Working on a document with lots of display equations.  For each display equation I am using a floating text frame with text wrap set to jump, pinned to the appropriate line of body text.  Inside the display equation frame, I have pinned an SVG image to the equation number text contained in the floating text frame.

To get a sequence of display equation frames to break, I introduce empty paragraphs, pinning 2nd and subsequent frames to successive empty paragraphs.  Working with empty paragraphs is painful.  Working with all-but-invisibly small empty paragraphs in the absence of a story editor is far worse.  I do have a style applied so I can quickly enlarge them.  I am unable to get paragraphs of true zero height, even when leading, space before and space after are all set to zero, as AffPub's minimum font size is 1pt.  So I have small gaps between my frames, but it's acceptable in this case.

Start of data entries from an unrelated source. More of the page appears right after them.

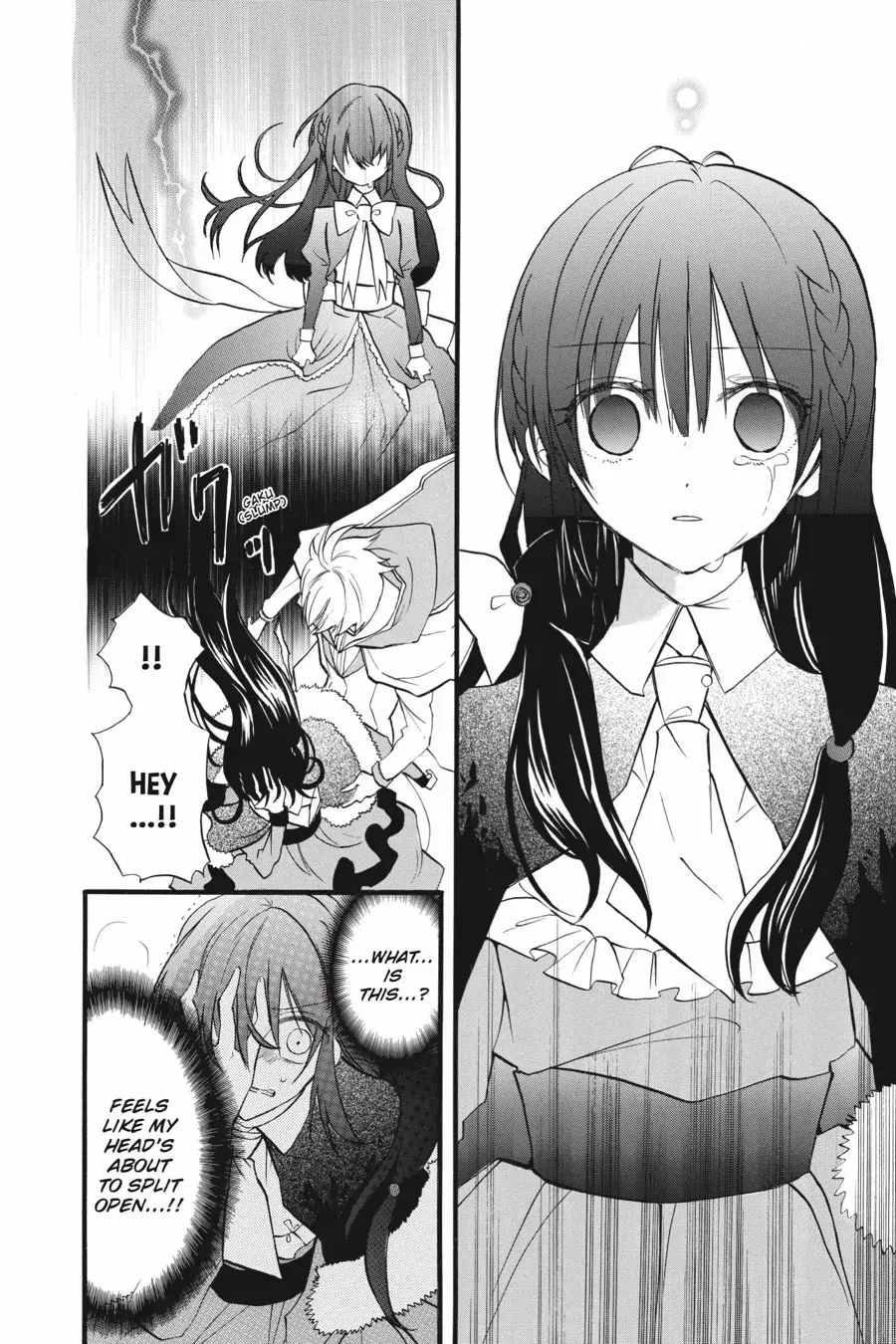 The Reincarnated Villainess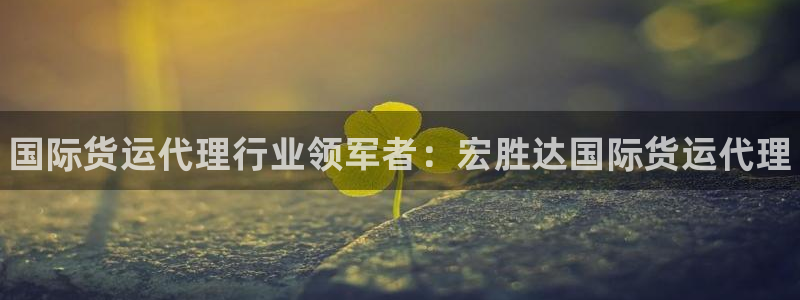 尊龙凯时请求参数不符合：国际货运代理行业领军者：宏胜达国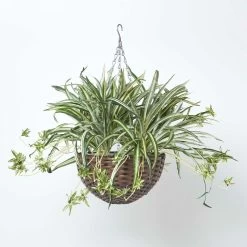 Artificial Hanging Basket Spider Plant, 60 Cm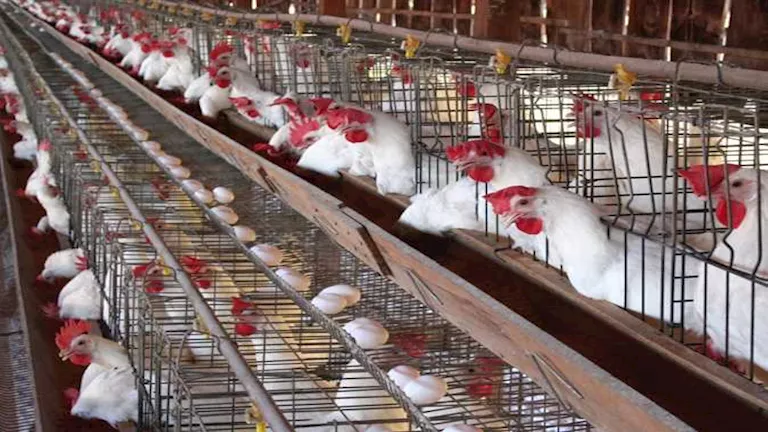 انخفاض أسعار الدواجن وارتفاع أسعار البيض يسيطران على الأسواق يوم الاثنين ضمن تقلبات غير مسبوقة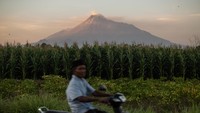 Menurut data Balai Penyelidikan dan Pengembangan Teknologi Kebencanaan Geologi (BPPTKG) periode tanggal 15-21 September 2023 terjadi perubahan morfologi kubah lava barat daya akibat aktivitas pertumbuhan dan guguran lava dengan volume 2.858.600 meter kubik sedangkan kubah lava tengah sebesar 2.335.100 meter kubik.  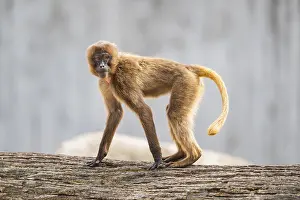 Captive Animal Germany Drucke: Gelada (Theropithecus gelada) standing on an old tree trunk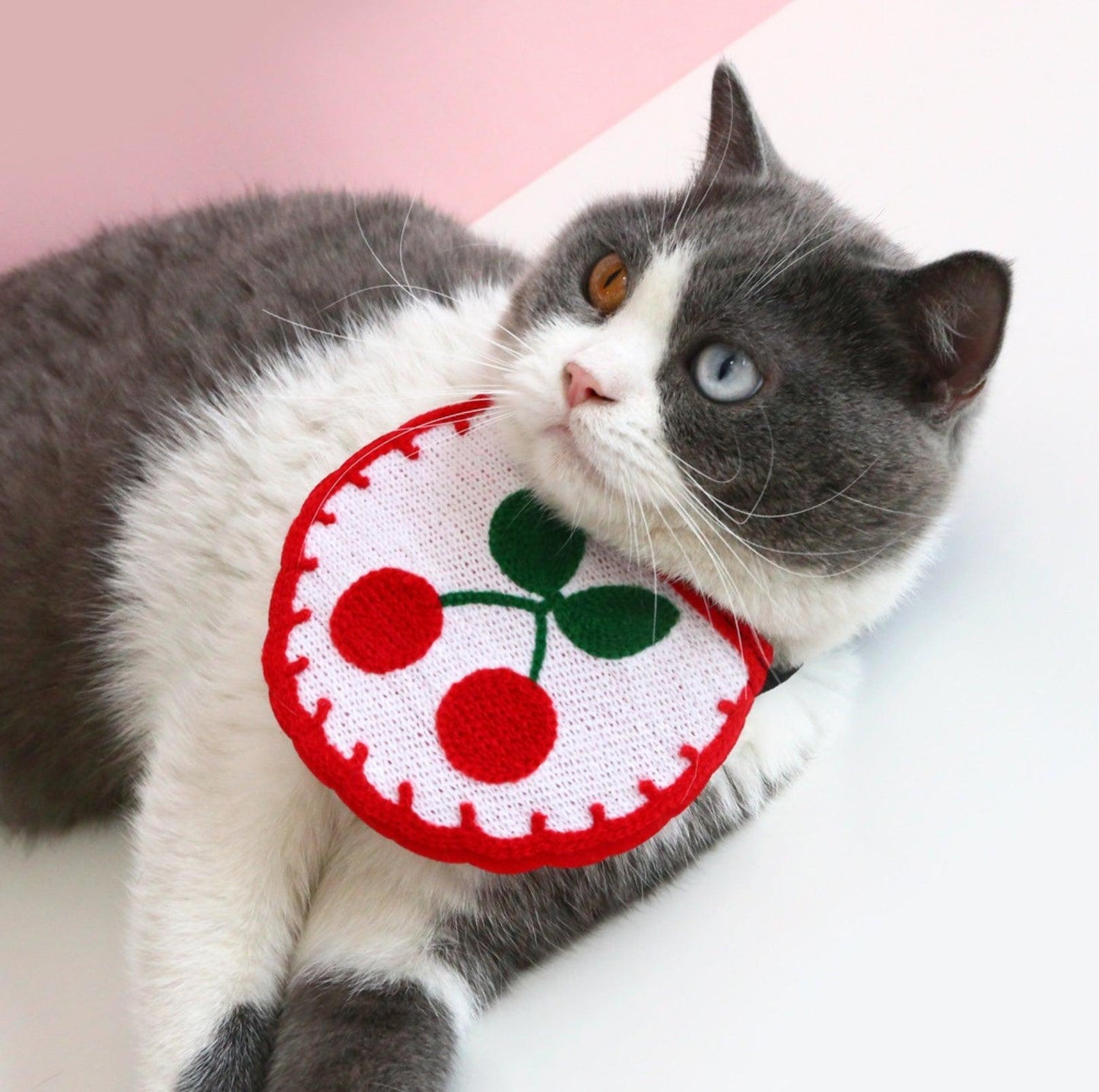 Plush Cartoon Design Pet Bib for Cats & Small Dogs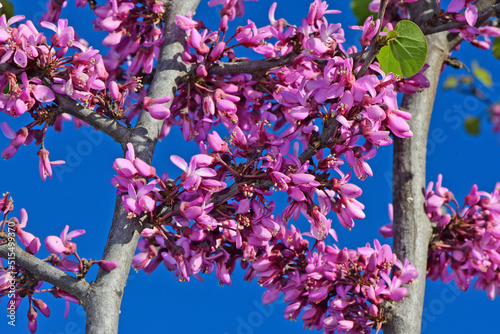 blühender Judasbaum // flowering Judas tree (Cercis siliquastrum) - Kato Olympos, Greece photo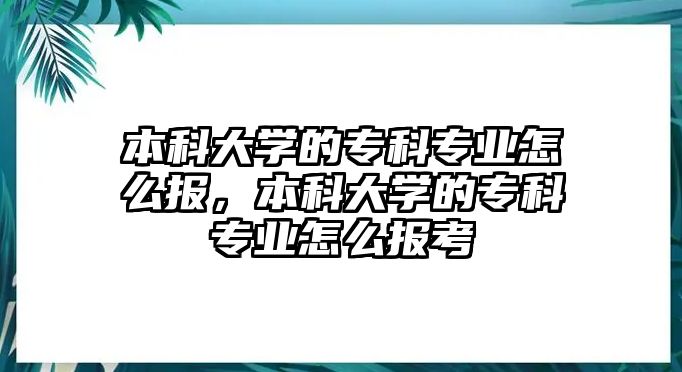 本科大學(xué)的專科專業(yè)怎么報(bào)，本科大學(xué)的專科專業(yè)怎么報(bào)考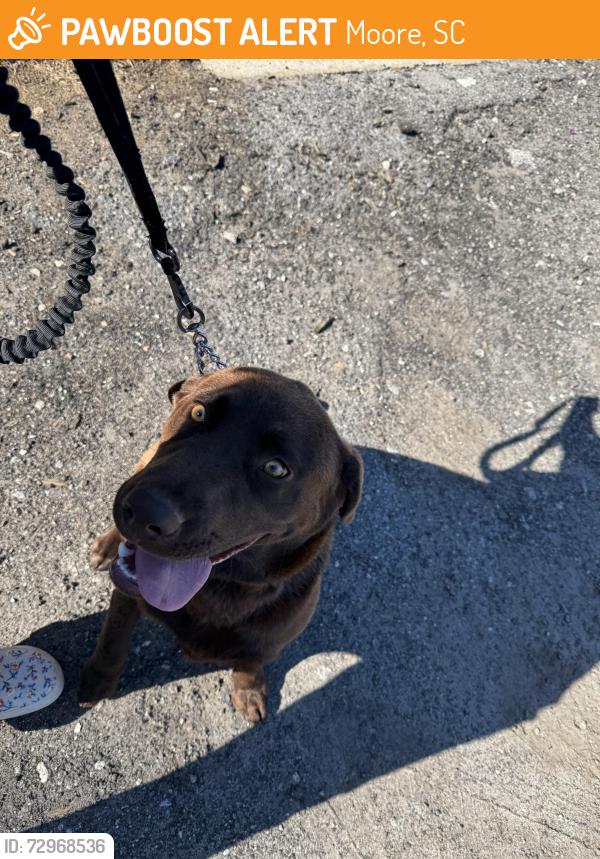 Found/Stray Male Dog last seen Near the stop sign in between neighborhoods Lightwood Cottages and Anderson Grant, Moore, SC 29369
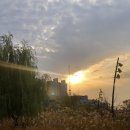 산책공인중개사사무소 이미지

Now, one reason I had to introduce empty paragraphs is that text wrap jump frames only exclude each other on the basis of the text, not any nested images.  As the only text inside the display equation frames is the equation number, when you simply put the pins in the same location the frames overlap substantially.  It makes no difference if I set the nested image to text wrap square or leave it at text wrap none.  (Square to allow the equation number to display properly.) Apparently the text wrap property of the nested image only affects the content inside the frame (which is sensible).

The defect in my rude technique is that if there is room for the equation number AffPub places the display equation frame, regardless of what the image might overlap.  Indeed, it frequently runs over the end of the body text frame and overlaps the footer frame.  I've attached a one page example of this problem.  Both the footnote and the footer are in separate text frames from the main body text frame, which definitely ends higher on the page than the footnote frame.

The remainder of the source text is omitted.